Peu de jours avant que je partisse de là, une des femmes du Khan devint fort malade et était en une grande langueur ; si bien que les devins, y étant appelés, murmurèrent quelques paroles de sort sur une certaine esclave allemande qu’elle avait. Cette esclave fut endormie l’espace de trois jours entiers, au bout desquels s’étant réveillée, ils lui demandèrent ce qu’elle avait vu durant son dormir ; elle répondit qu’elle avait vu plusieurs sortes de personnes, qu’ils jugèrent devoir mourir bientôt ; et comme elle dit n’avoir pas vu sa maîtresse parmi ces gens-là, ils prononcèrent hardiment qu’elle ne mourrait pas de cette maladie. Je vis depuis cette fille, qui se sentait encore fort mal à là tête de ce long sommeil.

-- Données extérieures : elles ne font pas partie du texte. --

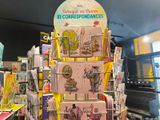 a large stack of books on display in a store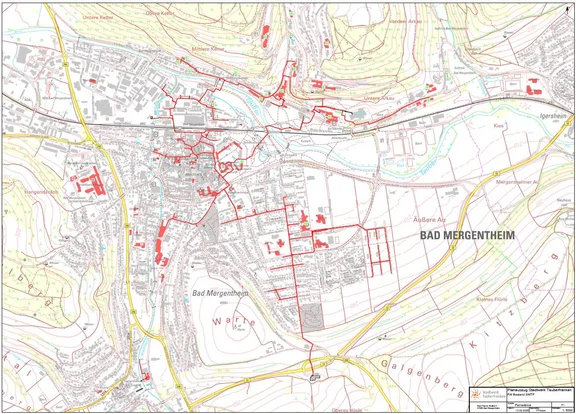 Fernwärmenetz Kartenausschnitt von Bad Mergentheim: Stadtgebiet mit hervorgehobenen Gebäuden in rot. Die roten Gebäude zeigen, welche Bereiche in Bad Mergentheim bereits mit Wärme erschlossen sind.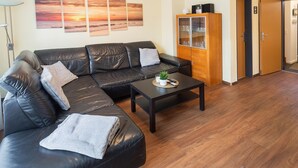 Una sala de estar con un sofá de cuero negro, una mesa de centro y un aparador con puertas de vidrio.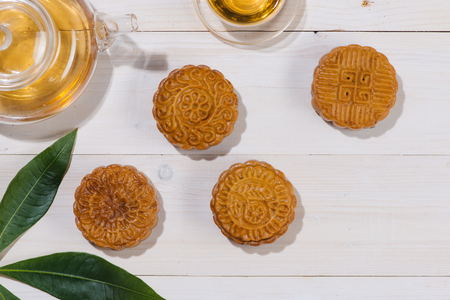 Mooncake and tea, Chinese mid autumn festival food. Angle view from aboveの写真素材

Quelques-uns d’entre eux se mêlent aussi d’invoquer les diables, pour apprendre d’eux ce qu’ils désirent savoir. Quand ils veulent avoir réponse pour quelque chose que le Khan leur demande, ils mettent la nuit au milieu de la maison des pièces de chair bouillie ; puis celui qui fait l’invocation commence à murmurer ses charmes, et tenant un tambourin en la main, le frappe fort contre terre et se démène, en sorte qu’il devient comme hors de soi et commence à rêver ; après quoi il se fait lier bien serré ; alors le diable vient durant l’obscurité de la nuit et lui donne à manger de ces chairs, et leur fait la réponse sur ce qu’ils demandent.

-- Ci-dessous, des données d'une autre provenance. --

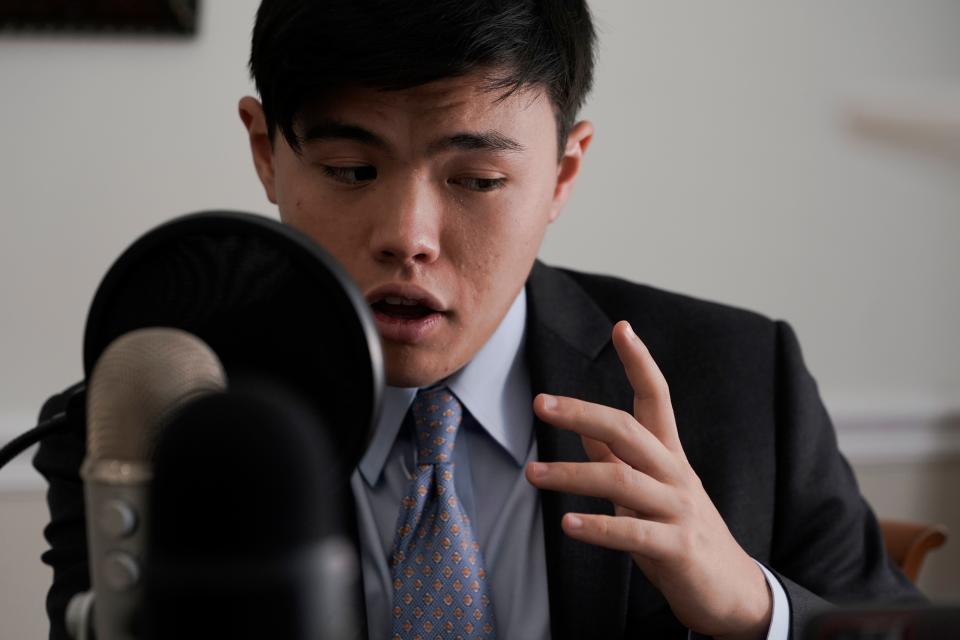 Whitman Ochiai rehearses for his podcast at his home in Great Falls, Virginia, on Aug. 2, 2021.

Une fois, comme je l’appris de Guillaume, un certain Hongrois s’était caché en leur maison pour voir ces horribles mystères, et, comme ils faisaient leurs invocations, on entendait les cris et hurlements du démon sur le faîte de la maison, qui se plaignait de n’y pouvoir entrer à cause qu’il y avait un chrétien parmi eux ; ce que le Hongrois ayant ouï, il s’enfuit vitement, car les autres commençaient déjà à le chercher pour lui faire du mal. Ils font d’ordinaire toutes ces choses et plusieurs autres encore, qui seraient trop longues à rapporter.
CHAPITRE XLVIII
D’une grande fête, et des lettres que le Khan envoya au roi de France saint Louis.
Les fêtes de la Pentecôte étant passées, le Khan ordonna de préparer les lettres qu’il voulait envoyer par nous. Cependant le Khan retourna à Caracorum, où il fit une grande fête et solennité environ l’octave de la Pentecôte, qui était le quinzième de juin, et voulut que tous les ambassadeurs s’y trouvassent. Le dernier jour il nous envoya quérir aussi, mais j’étais alors allé à l’église pour y baptiser trois enfants d’un pauvre homme allemand que nous avions trouvé là.

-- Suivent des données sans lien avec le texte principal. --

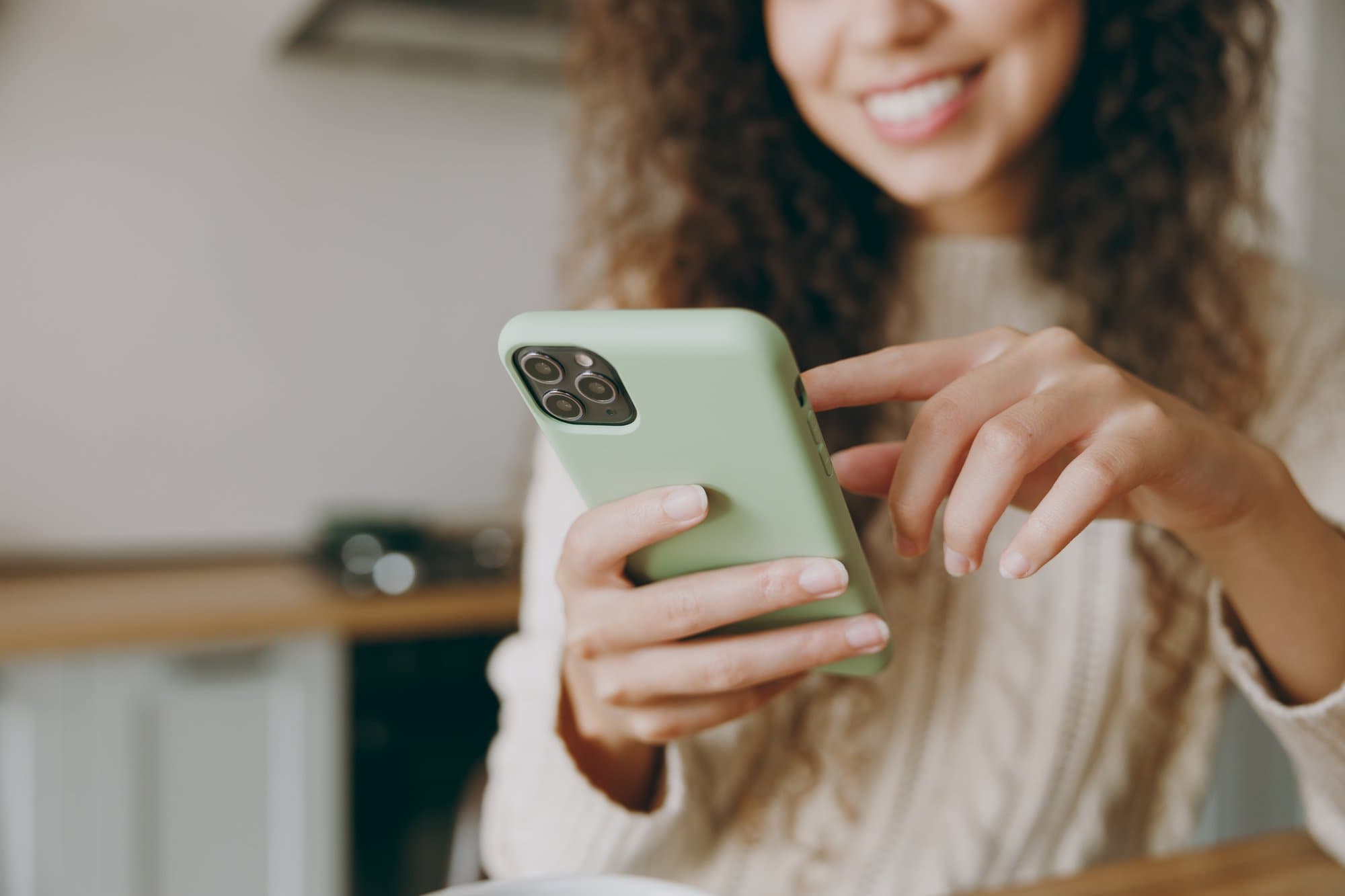 Smiling woman with curly hair holding a smartphone to pair it with her Bluetooth hearing aids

Au reste, Guillaume fut le premier échanson de ce festin, car il commandait aux trois autres qui versaient à boire. Toute l’assistance faisait grande fête et réjouissance, dansait et battait des mains devant le Khan, qui après cela leur fit une harangue, dont la substance était : « Qu’il avait envoyé ses frères en divers pays fort éloignés et parmi de grands dangers et difficultés ; que maintenant il fallait faire voir ce que ceux qui étaient présents sauraient faire quand il les enverrait aussi pour le bien et l’agrandissement de l’État. » Tous ces quatre jours que dura la fête, tous changeaient d’habits chaque jour, que l’on leur donnait de même couleur depuis les pieds jusqu’à la tête. Je vis là entre autres l’ambassadeur du calife de Baldach (Bagdad), qui se faisait porter en cour dans une litière par deux mules ; quelques-uns disaient qu’il avait traité la paix avec eux sous condition de leur fournir dix mille chevaux pour leur armée. Mais d’autres disaient que le Khan ne voulait entendre à aucune paix, s’ils ne ruinaient toutes leurs forteresses, et que cet ambassadeur lui avait répondu que quand ils auraient ôté la corne du pied de leurs chevaux, alors ils démoliraient tous leurs forts.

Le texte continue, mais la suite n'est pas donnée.